I'm feeling really shit. Pls be gentle!! Lol.
So I posted about finalising a bootycall situation. Last week I met a guy on Bumble. We hit it off. Exchanged numbers & been chatting over WhatsApp & voice notes.
He suggested meeting for a coffee, and I agreed. Couldn't do first day he suggested, so he said today, he'd meet me after he finished work at 4.30 - central London.
So I got ready, put on a dress, did makeup, hair. Drove down there & waited to hear when he left work. Got text at 4.45 saying he was stuck at work & didn't know for how long. So I asked if he wanted to reschedule - he said prob best as he didn't know how long he would be.
I told him I was already near where he works, and I think he assumed I hadn't yet left. But I had done a bit of shopping, so decided to just go home.
He then texted he still really wanted to meet & hopes I did too & that I'd let him make it up to me.
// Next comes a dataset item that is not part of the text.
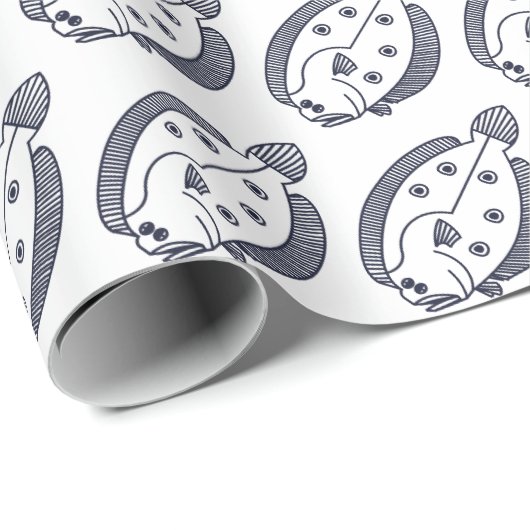 Fun Flounder Fish in Deepest Blue en White Cadeaupapier (Rol Hoek)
I didn't reply.
But if background (sorry!!) - I haven't been in a relationship in years, I keep meeting guys who only want a shag, and on top of that I struggle as I have borderline personality disorder (if someone upsets me or makes me feel shit, my reaction is to fuck them off).
So - I know I can overreact. I know I can be codependent. Right now I want to cry because I feel so stupid for thinking any decent guy will want me. And I feel like ignoring this guy.
What would you do? Pls be gentle! I know I'm a ducked up twat already!!